Cessione d'azienda, determinazione del prezzo. Possibilità di conferire rilevanza ad un valore negativo dell’avviamento. (Cass. Civ., Sez. V, sent. n. 979 del 17 gennaio 2018)

Nella determinazione del valore venale dell'azienda trasferita ai fini dell'imposta di registro l'avviamento - in quanto qualità aziendale intrinseca richiamata dall'art. 51 del D.P.R. n. 131/86 - rileva non solo se positivo ma anche se negativo; ed abbia, in quanto tale, determinato la pattuizione tra le parti di un prezzo di cessione inferiore al valore patrimoniale netto dei cespiti aziendali, perché scontato in ragione della fondata previsione di perdite future e dei solo successivo recupero di redditività dell'azienda stessa.

Commento

(di Daniele Minussi)
Se è vero che l'avviamento valorizza la capacità dell'azienda di fare utili, ciò che dovrebbe fisiologicamente caratterizzare una realtà sana, cosa riferire nell'ipotesi in cui la conduzione dell'attività imprenditoriale generi perdite? Come è noto il calcolo del valore dell'avviamento si avvale di metodologie svariate, tutte comunque protese alla corretta identificazione della valorizzazione di un bene immateriale, quale per l'appunto è la capacità di produrre utili.

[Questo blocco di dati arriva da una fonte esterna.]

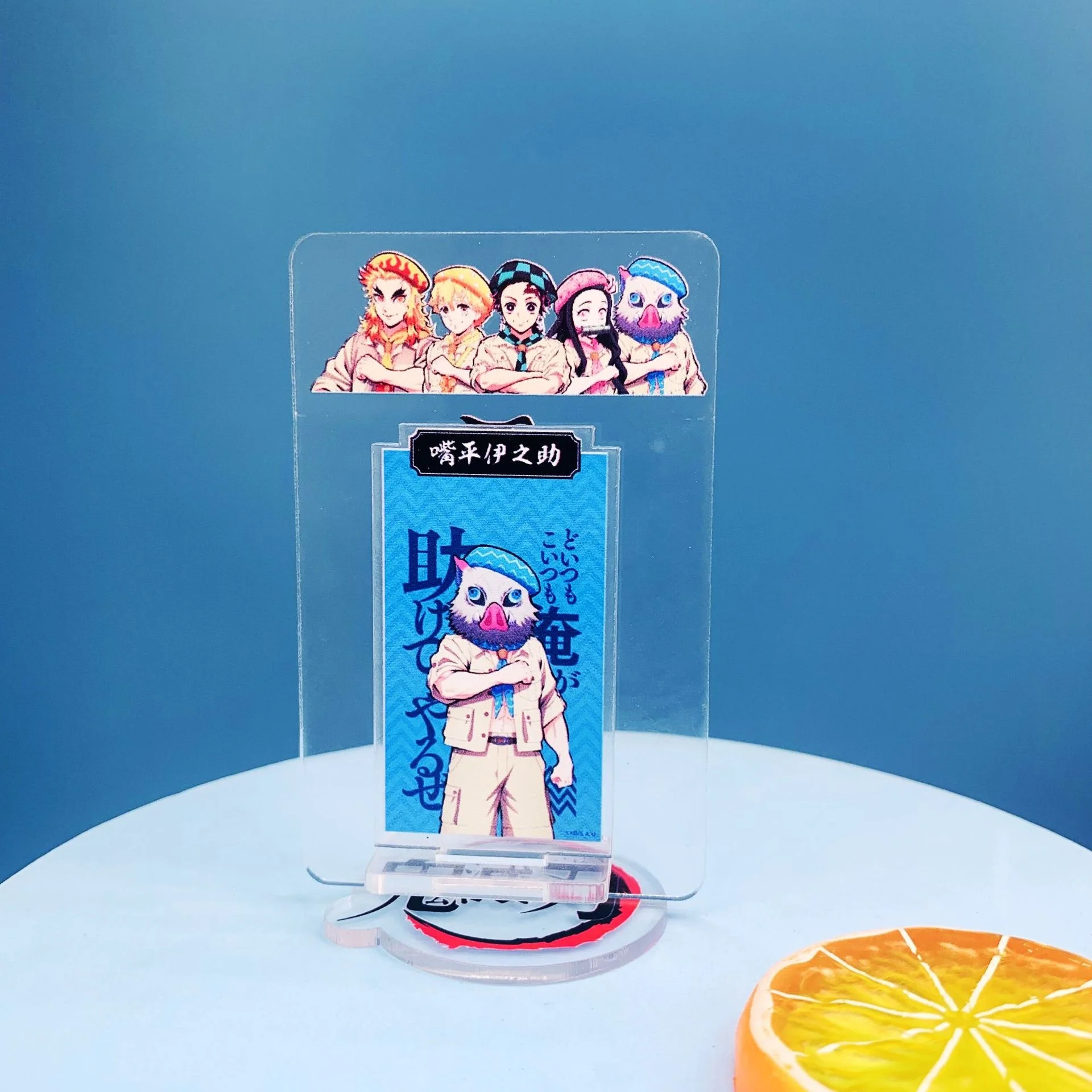 

Anime Demon Killer Kimetsu No Yaiba Cosplay Acrylic Frame Doll Model Toy Creative Stand Desktop Decoration Decoration 2021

Così spesso si assumono consolidati solo quegli utili che si siano ripetuti per un lasso cronologico sufficientemente prolungato da farli ritenere "consolidati" (usualmente tre esercizi consecutivi). Il valore dell'avviamento, così determinato, viene a costituire un elemento patrimoniale che, come tale, si somma agli altri cespiti che compongono l'azienda ai fini della determinazione del prezzo di cessione della stessa. Ma cosa dire quando la gestione imprenditoriale è in costante perdita? Seguendo gli stessi criteri, l'avviamento, in detta ipotesi, può essere considerato negativo, traducendosi in una sottrazione di valore economico da riconoscere, con una rilevanza anche fiscale, in sede di vendita del compendio aziendale.